Click here for Part II of this series.
Click here for Part III of this series.
…
Click here for Part V of this series.
This series starts with a notional potter. She has taken the raw materials of the earth (clay and water) and formed and fired it into the coffee mug I hold tightly in my hands on a cold winter morning. I see my breath as the hot coffee in the mug warms my hands. She is ‘unbanked’. But she has rent to pay, then must drop by one of the many storefronts where she can pay her utility bill. She buys groceries with what is left. The money that makes this possible is paid to her in exchange for these wonderful coffee mugs she makes.
She is a wealth creator - even if she doesn’t realize it.
But she is in crisis mode. Her rent is soaring, along with the related utilities. As less and less of what she is paid is left over, even that is buying less and less at the grocery store.
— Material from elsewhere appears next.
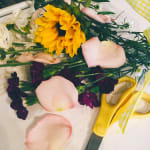 Wickman's Garden Village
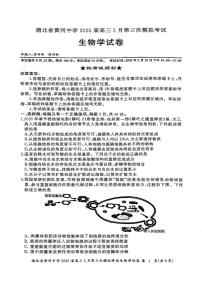 2025届湖北省黄冈中学高三下学期5月三模生物试题（高考模拟）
What can she possibly do?
Yield: a substitute for labor
The genius of market capitalism that is truly “free” (as opposed to the bastardized version we now have) is found in how it incentivizes people to save, and in turn invest, in enterprises that can convert that savings into income. The financial world is familiar with the term “income-producing assets.” Our potter’s income is now entirely from selling her coffee mugs. But if she is able to save some of the proceeds and invest in other enterprises, little by little, what she earns from those investments subtracts from the labor she otherwise has to expend for her own upkeep. Ideally, when arthritis sets in and she is no longer able to make coffee mugs, her savings are ‘yielding’ enough income to replace her labor.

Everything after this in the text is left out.